Kenya's President Mwai Kibaki Tuesday rejected a clause in a proposed media bill that would have limited press freedom. Arjun Kohli reports from VOA's East Africa Bureau in Nairobi the move was welcomed by Kenya's rights advocates.

The president's action represents a major victory for journalists who had staged street demonstrations for a week to protest the media bill. The provision the president rejected would have stripped the media of its right to keep sources confidential.

The chairwoman of the East African Foreign Correspondents Association, Tia Goldenberg, tells VOA the journalists' role as a government watchdog would be considerably hindered if the bill was passed.

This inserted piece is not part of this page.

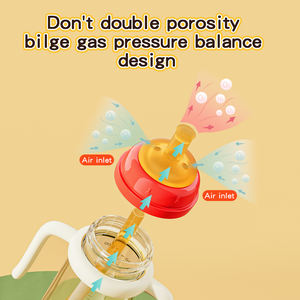 Hot Food Grade PP <b>Baby</b> Drink Training Cup More Than 6 Months Sliding <b>Cap</b> Straw Cup 300ml Anti-fall Strap Handle - Product Image 4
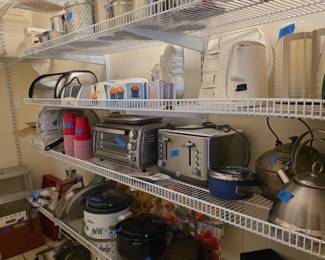 Walk in Pantry filled with goodies.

"I think that particularly in Kenya most of the journalists rely on whistle blowers to reveal information on the various corruption scandals that have blocked this country," she said. "This is just a fundamental for journalists that we act as watchdogs of the government and we rely on people's information and even if that information is anonymous it should be to our discretion to use it or not and such a bill threatens that."

The parliamentary editor for the Nation Media group, Owino Opondo, said the media bill was highly controversial.

"In my view as a parliamentary editor I believe that it was a wise move because we see a president that listens to the voice of reason," said Opondo. "There was a lot of discontent which came with opposition to this particular bill not from the media fraternity but also from Kenyans, from the civil society and from lawyers, from people who had read the nasty amendment and it was not going to do any good to the president or the government."

The biggest battle between the Kenyan media and the government occurred last year when heavily armed police broke into a newspaper office, burned the day's issue, destroyed broadcasting equipment and carried away computers.

On an earlier occasion, the First Lady Lucy Kibaki stormed into a newspaper office and harassed journalists on the eve of the World Press Freedom Day.

Still, journalists in Kenya say they feel they have greater freedom now than during the 24-year reign of President Daniel arap Moi when journalists were reported to have been kidnapped and tortured.

Opondo says greater media freedom allows journalists to uncover many cases of corruption.

"You realize issues such as the grand corruption that the nation media group has actually exposed, like the Anglo leasing," added Opondo. "This could not have happened if we did not have some semblance of freedom in the media."

The Anglo Leasing scandal is considered a prime example of attempts by corrupt government officials to perpetrate fraud on the Kenyan taxpayer through non-delivery of goods and services and massive overpricing.